### To do
All of the data must be retyped exactly, with nothing left out.

━━━ Information

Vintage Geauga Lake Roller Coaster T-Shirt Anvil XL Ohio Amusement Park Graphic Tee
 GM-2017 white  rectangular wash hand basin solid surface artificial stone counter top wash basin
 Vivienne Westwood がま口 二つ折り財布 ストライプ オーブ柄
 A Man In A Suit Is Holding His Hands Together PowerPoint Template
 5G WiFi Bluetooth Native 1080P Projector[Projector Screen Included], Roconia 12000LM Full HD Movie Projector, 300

━━━━━━

### Answer section
Vintage Geauga Lake Roller Coaster T-Shirt Anvil XL Ohio Amusement Park Graphic Tee
 GM-2017 white  rectangular wash hand basin solid surface artificial stone counter top wash basin
 Vivienne Westwood がま口 二つ折り財布 ストライプ オーブ柄
 A Man In A Suit Is Holding His Hands Together PowerPoint Template
 5G WiFi Bluetooth Native 1080P Projector[Projector Screen Included], Roconia 12000LM Full HD Movie Projector, 300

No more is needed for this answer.